Flickering issue with Indexed Indirect Draw
an unexpected GPU Memory Alignment issue in the instance buffer
In previous post I have the procedual grass rendering working with the IndexedIndirectDraw, but while testing it, I find there’re flickering issue sometimes. And after playing with it for a while I can create an edge case with specific number of the size of my instance buffer, which making over 1/3 of the grasses flickering constantly.
Now I have a perfect test case, and I start debugging it closely. The first thing I noticed is that in the RenderDoc, and in the mesh viewer of my VS pass shows the output SV_Position is shown as NaN (Not a Number) for the almost 1/3 of the instance buffer. The interesting part is that if I debug it step by step, everything just works fine as expected and we got a solid position there.
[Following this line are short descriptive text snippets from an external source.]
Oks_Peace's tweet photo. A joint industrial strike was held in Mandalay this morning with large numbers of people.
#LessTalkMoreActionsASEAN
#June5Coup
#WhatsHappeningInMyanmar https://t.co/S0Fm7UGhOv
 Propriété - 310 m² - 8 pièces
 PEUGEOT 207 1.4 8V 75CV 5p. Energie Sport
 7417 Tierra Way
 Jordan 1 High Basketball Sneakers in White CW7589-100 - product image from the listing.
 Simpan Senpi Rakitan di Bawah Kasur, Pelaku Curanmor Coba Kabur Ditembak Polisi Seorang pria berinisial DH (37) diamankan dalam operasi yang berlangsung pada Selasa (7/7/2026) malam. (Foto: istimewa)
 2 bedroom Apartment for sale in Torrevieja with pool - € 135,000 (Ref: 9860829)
Then I learnt that RenderDoc debug shader is a “simulation” on CPU side, and it cannot guarantee the result match what’s on GPU.
Then I thought it could be some sync issue of the instance buffer or the indirect arguments buffer, wasting a day working on it trying different buffer setup, explicit buffer transition and memory barrieers, no luck.
Ruling out the sync issue, I spent another day to verifying my compute pass to make sure all the data is generated correctly without any surprises.
As I almost gave up, I asked AI if my structure of the instance buffer is cursed : ( but surprisingly, it notice the culprit immediately : )
The real trouble began with a struct that looked like this:
struct FData {
float3 Position;
float Width;
// ... other floats ...
int Payload;
float4 ControlPos0; // <-- The Saboteur
};
The structure is 92 bytes in total.
And according to google, it seems that (for NVIDIA specifically), a float4 isn't just four floats—it is a 16-byte vector entity.
And this seems to be the root cause that some of the instance buffer will read "invalid data".
The Fix: Manual Padding is Your Friend
In fact, in latest Unreal Engine (5.7), they add a new variable "RHI_RAW_VIEW_ALIGNMENT" to check if your structured buffer stride is LeastCommonMultiplier of it while creating the buffer.
So for my case, to fix it, we had to add a simple float Padding; after our int Payload;, we manually aligned to the 16-byte boundary. And then the flickering issue goes away.
The ByteAddressBuffer Escape Hatch
And some search result shows there's other work around for this, but I didn't test it.
If you’re tired of fighting with alignment, there is the ByteAddressBuffer. It treats memory as raw bytes, skipping the "smart" auto-padding of Structured Buffers. It's more manual, but it's the ultimate way to ensure what you send is exactly what you get.